No picture belongs in the copy. Repeat each line below exactly.

• **Source data**
####################
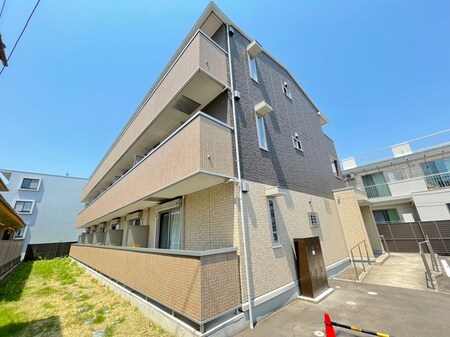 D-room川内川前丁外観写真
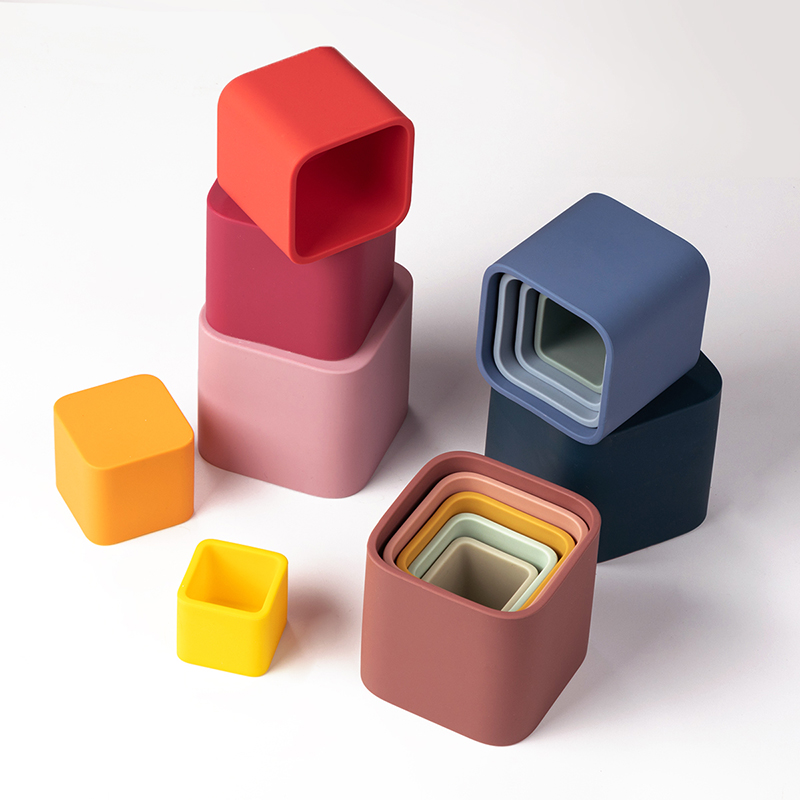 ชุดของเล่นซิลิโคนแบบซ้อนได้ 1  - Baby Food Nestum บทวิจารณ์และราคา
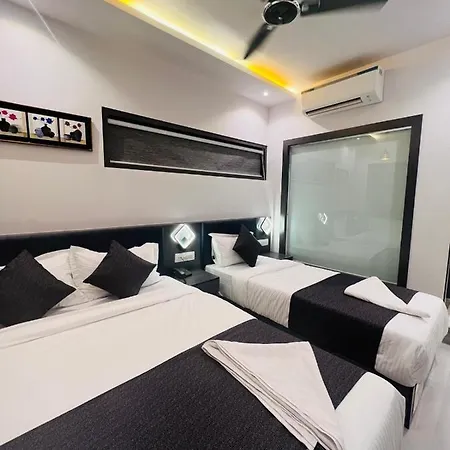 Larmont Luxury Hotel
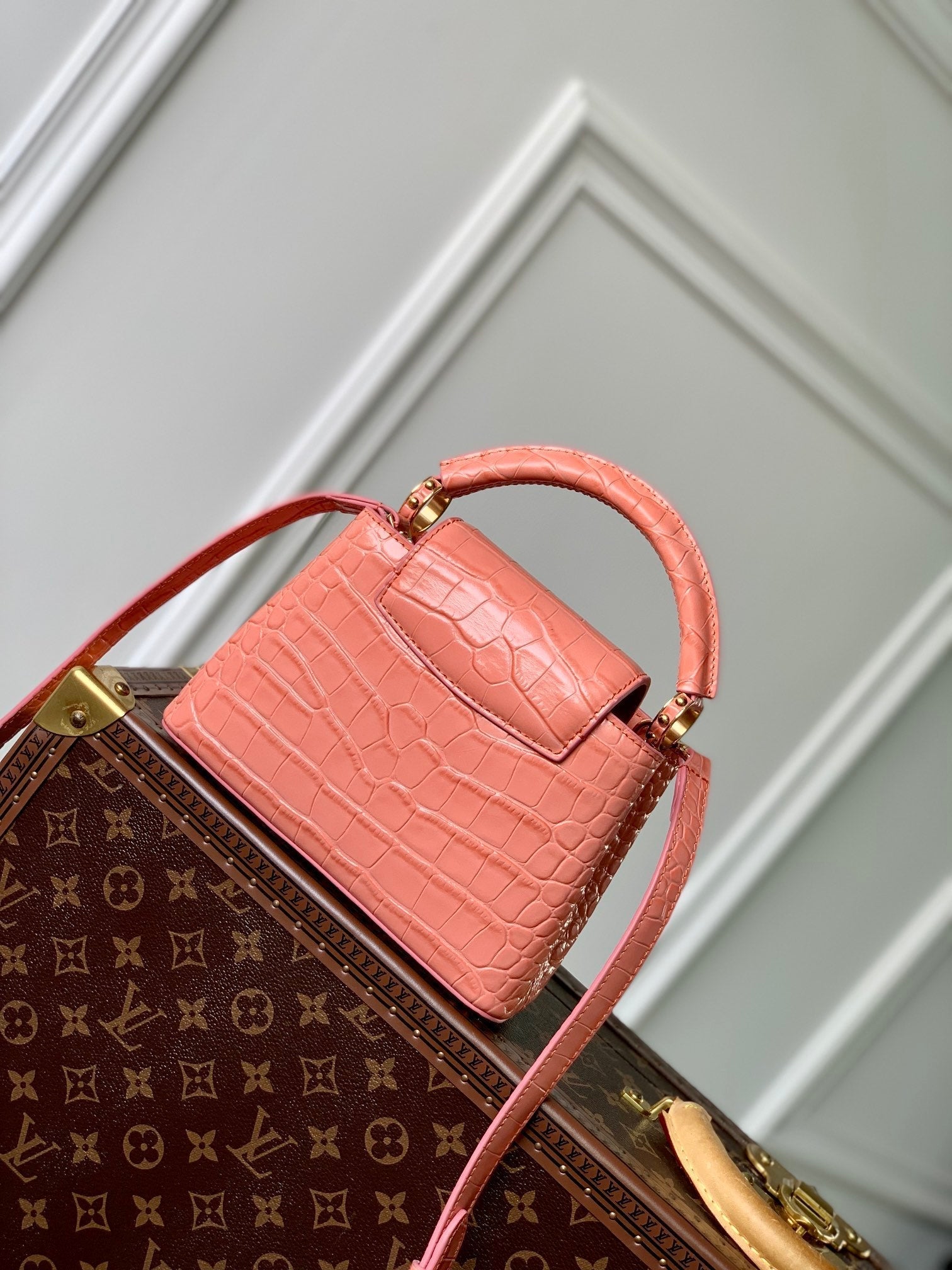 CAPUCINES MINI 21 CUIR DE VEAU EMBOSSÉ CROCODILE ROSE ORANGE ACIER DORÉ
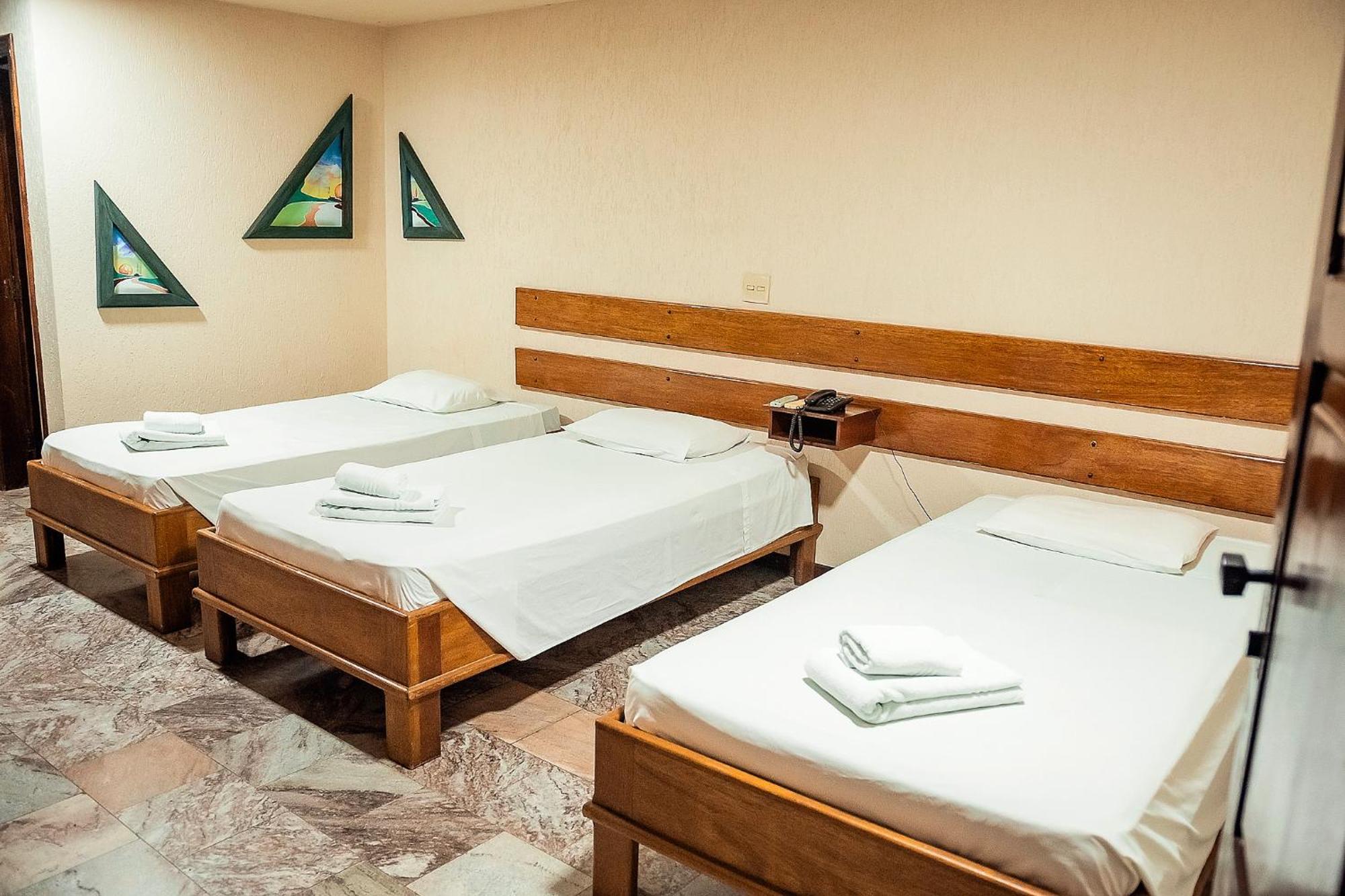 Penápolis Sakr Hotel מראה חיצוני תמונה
####################
• **Exercise answer**
 D-room川内川前丁外観写真
 ชุดของเล่นซิลิโคนแบบซ้อนได้ 1  - Baby Food Nestum บทวิจารณ์และราคา
 Larmont Luxury Hotel
 CAPUCINES MINI 21 CUIR DE VEAU EMBOSSÉ CROCODILE ROSE ORANGE ACIER DORÉ
 Penápolis Sakr Hotel מראה חיצוני תמונה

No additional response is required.